The problem is caused by the fact that we call an HttpGet constructor that takes a String, which itself builds a URI from that and calls another constructor that takes a URI, and captureTarget() gets called on both. The return values of the two nested constructor calls are the same object, so even though recordActivity() only gets called after the top-level constructor returns (because we don't inject them for calls between methods in the same class), it finds two copies in the AssociationCache's cache somehow.

Changing the top-level constructor call to the version that takes a URI directly eliminates the problem:

--snip--
    {
        "activities": [
            {
                "id": "a2f3e78c-ad67-4122-8ddb-8365235acf27",
                "type": "MakeHttpRequestApacheNew",
                "endTime": "2024-05-29T10:01:00.623219Z"
            }
        ],
        "associatedEntities": [
            {
                "id": 133914510,
                "type": "HttpRequestApacheGet",
                "value": "https://app.veracity.homes/omar-notifications-main-menu.html?name=jens&movieId=47&stars=4",
                "target": {
                    "headers": [],
                    "method": "GET",
                    "path": "/omar-notifications-main-menu.html?name=jens&movieId=47&stars=4",
                    "scheme": "https",
                    "authority": {
                        "userInfo": null,
                        "port": -1,
                        "hostName": "app.veracity.homes"
                    },
                    "version": null,
                    "requestUri": "/omar-notifications-main-menu.html?name=jens&movieId=47&stars=4",
                    "entity": null,
                    "cancelled": false,
                    "aborted": false,
                    "config": null,
                    "uri": "https://app.veracity.homes/omar-notifications-main-menu.html?name=jens&movieId=47&stars=4"
                }
            }
        ]
    },
--snip--

I'm not yet sure what the best way to solve this in general would be, but for now we can just use this hack. (A different workaround would be to add a "descriptor": "(Ljava/lang/String;)V" field to the entity-mapping spec for HttpGet.<init> in bind-jdbc.json to only capture a target for the top-level constructor call, but then if we were to call the URI constructor, the URI argument for this call would not be tracked.)

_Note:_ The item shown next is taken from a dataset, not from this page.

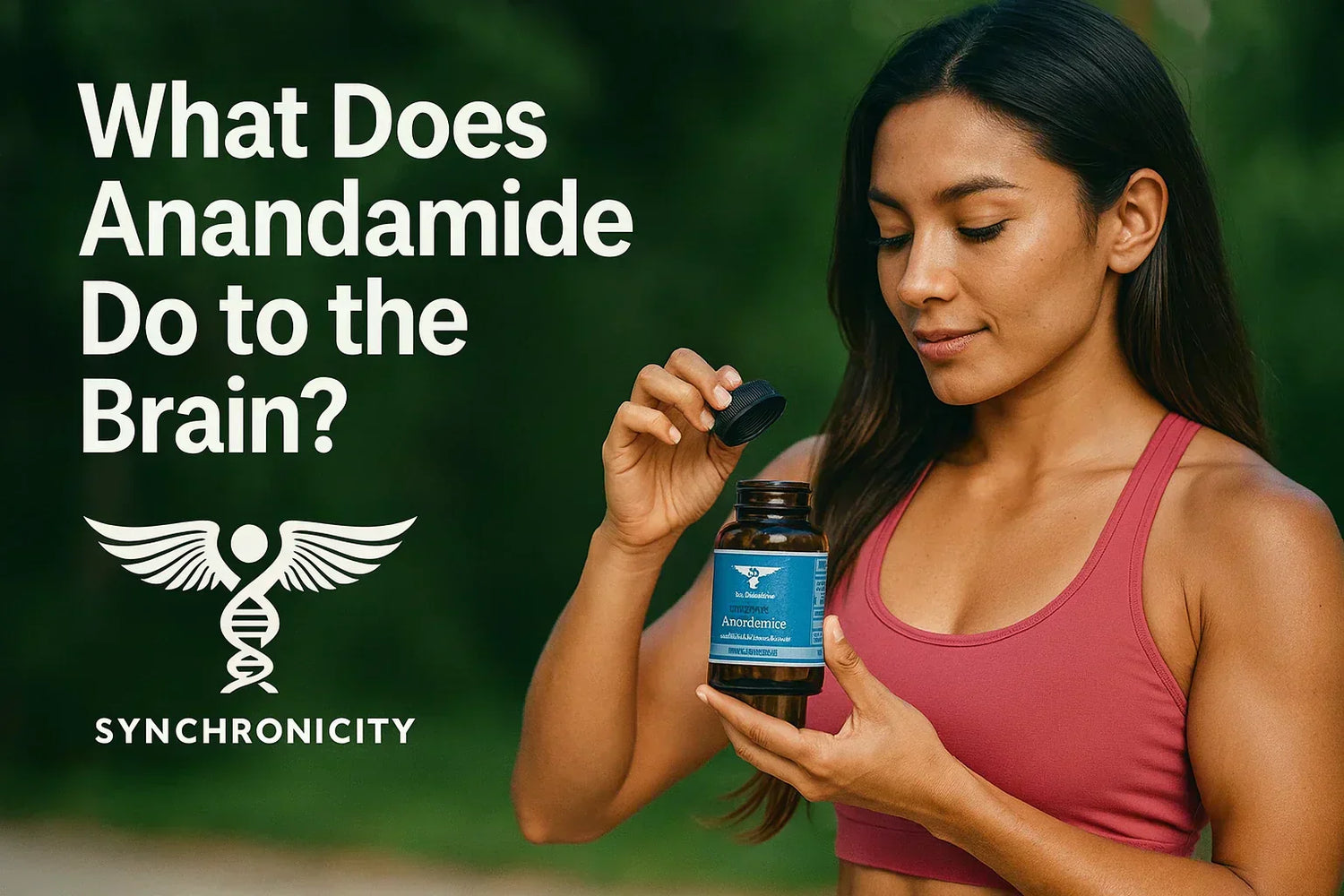 What Does Anandamide Do to the Brain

wtwhite commented 1 month ago

The reason 2 copies of the HttpGet object get stored in the AssociationCache's targetsToEntitiesCache when the constructor that takes a String is called is because each entity has an id, which is always set to the hash value of the parameter used to create that entity -- and that hash value will be different for the 2 HttpGet constructor calls, since one is a String and the other is a URI, even though they both return the same object!